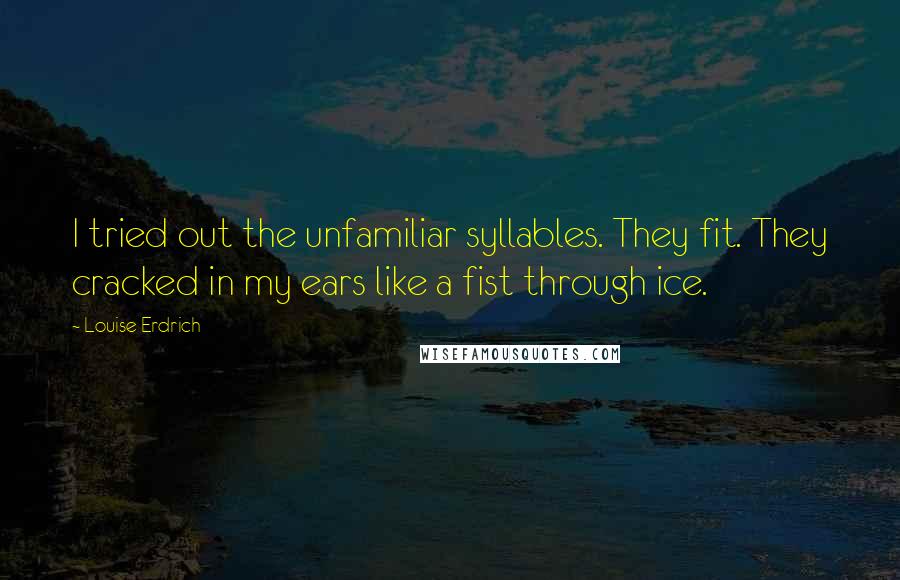 Louise Erdrich Quotes: I tried out the unfamiliar syllables. They fit. They cracked in my ears like a fist through ice.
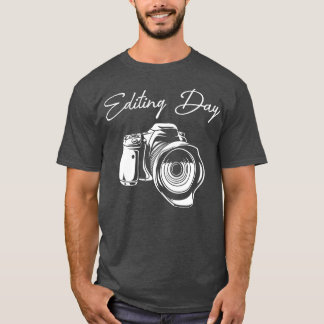 Photographer Camera  Editing Day Photo Lover Photo T-Shirt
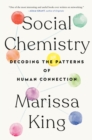 Image for Social chemistry: the elements of human connection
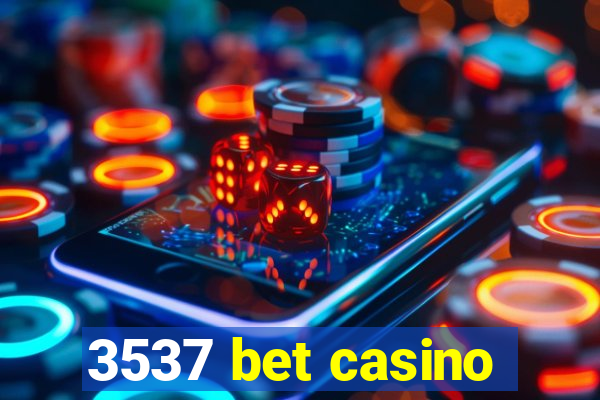 3537 bet casino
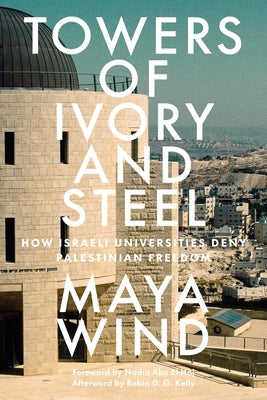 Towers of Ivory and Steel: How Israeli Universities Deny Palestinian Freedom by Wind, Maya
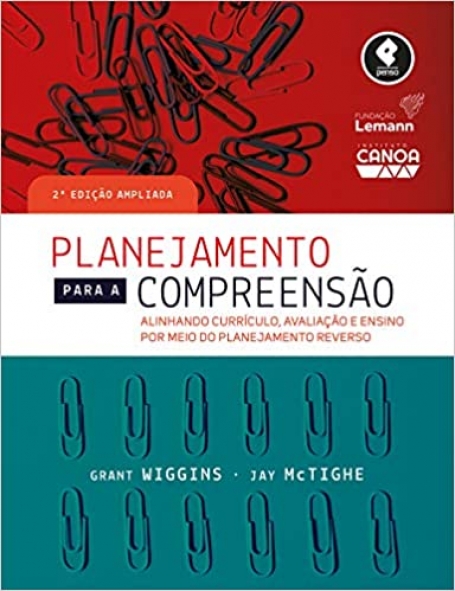 PLANEJAMENTO PARA A COMPREENSAO 2ª EDIÇAO Alinhando Currículo, Avaliação e Ensino por Meio da Prática do Planejamento Reverso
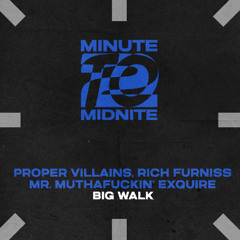 Proper Villains, Rich Furniss, Mr. Muthafuckin' eXquire - Big Walk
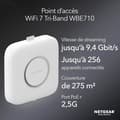 Miniatyrbild 2 av 2: WiFi 7-åtkomstpunkt - NETGEAR - WBE710 - Tri-Band BE9400 - MU-MIMO - 256 stödda enheter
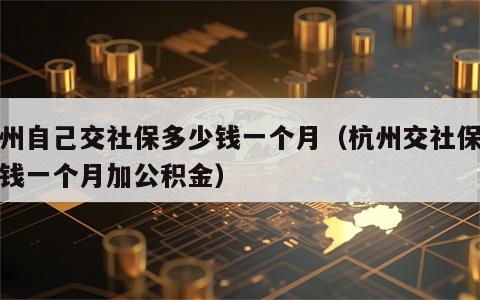 杭州自己交社保多少钱一个月（杭州交社保多少钱一个月加公积金）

YOUR ASSIGNMENT
Would you restate the listing word for word and leave every picture out?

EXERCISE RESPONSE
 Louise Erdrich Quotes: I tried out the unfamiliar syllables. They fit. They cracked in my ears like a fist through ice.
 Photographer Camera  Editing Day Photo Lover Photo T-Shirt
 Image for Social chemistry: the elements of human connection
 3537 bet casino
 Towers of Ivory and Steel: How Israeli Universities Deny Palestinian Freedom by Wind, Maya
 PLANEJAMENTO PARA A COMPREENSAO 2ª EDIÇAO Alinhando Currículo, Avaliação e Ensino por Meio da Prática do Planejamento Reverso
 Proper Villains, Rich Furniss, Mr. Muthafuckin' eXquire - Big Walk
 Miniatyrbild 2 av 2: WiFi 7-åtkomstpunkt - NETGEAR - WBE710 - Tri-Band BE9400 - MU-MIMO - 256 stödda enheter
 杭州自己交社保多少钱一个月（杭州交社保多少钱一个月加公积金）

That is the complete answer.